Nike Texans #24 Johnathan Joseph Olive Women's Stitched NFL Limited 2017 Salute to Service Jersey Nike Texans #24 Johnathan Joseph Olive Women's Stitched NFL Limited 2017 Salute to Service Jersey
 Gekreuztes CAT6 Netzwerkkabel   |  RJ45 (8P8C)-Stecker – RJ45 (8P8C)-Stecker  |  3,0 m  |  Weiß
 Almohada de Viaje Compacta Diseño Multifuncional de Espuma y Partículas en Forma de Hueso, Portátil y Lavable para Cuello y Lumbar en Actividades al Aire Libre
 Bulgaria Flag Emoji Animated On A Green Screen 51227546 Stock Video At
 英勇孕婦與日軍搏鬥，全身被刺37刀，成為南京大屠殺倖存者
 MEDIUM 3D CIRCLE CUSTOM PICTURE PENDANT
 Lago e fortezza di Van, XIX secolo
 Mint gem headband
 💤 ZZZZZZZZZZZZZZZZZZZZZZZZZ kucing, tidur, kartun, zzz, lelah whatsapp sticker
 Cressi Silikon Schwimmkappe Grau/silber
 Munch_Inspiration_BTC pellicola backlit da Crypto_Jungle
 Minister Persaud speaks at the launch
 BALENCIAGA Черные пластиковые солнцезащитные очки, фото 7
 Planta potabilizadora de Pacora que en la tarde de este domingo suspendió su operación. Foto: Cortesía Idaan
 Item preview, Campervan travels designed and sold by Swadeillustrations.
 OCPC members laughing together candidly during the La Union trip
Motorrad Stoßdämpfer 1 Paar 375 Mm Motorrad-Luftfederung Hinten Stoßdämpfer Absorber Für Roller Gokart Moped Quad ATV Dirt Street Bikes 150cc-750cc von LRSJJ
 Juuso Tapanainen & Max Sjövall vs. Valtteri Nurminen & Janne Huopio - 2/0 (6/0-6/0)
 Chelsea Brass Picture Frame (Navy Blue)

**PROBLEM DETAILS:**
Your answer should be the lines above, from the line containing "Bulgaria Flag Emoji" up to and including the line containing "Cressi Silikon Schwimmkappe Grau/silber", reproduced exactly and with nothing else.

**SOLUTION FOR THIS EXERCISE:**
 Bulgaria Flag Emoji Animated On A Green Screen 51227546 Stock Video At
 英勇孕婦與日軍搏鬥，全身被刺37刀，成為南京大屠殺倖存者
 MEDIUM 3D CIRCLE CUSTOM PICTURE PENDANT
 Lago e fortezza di Van, XIX secolo
 Mint gem headband
 💤 ZZZZZZZZZZZZZZZZZZZZZZZZZ kucing, tidur, kartun, zzz, lelah whatsapp sticker
 Cressi Silikon Schwimmkappe Grau/silber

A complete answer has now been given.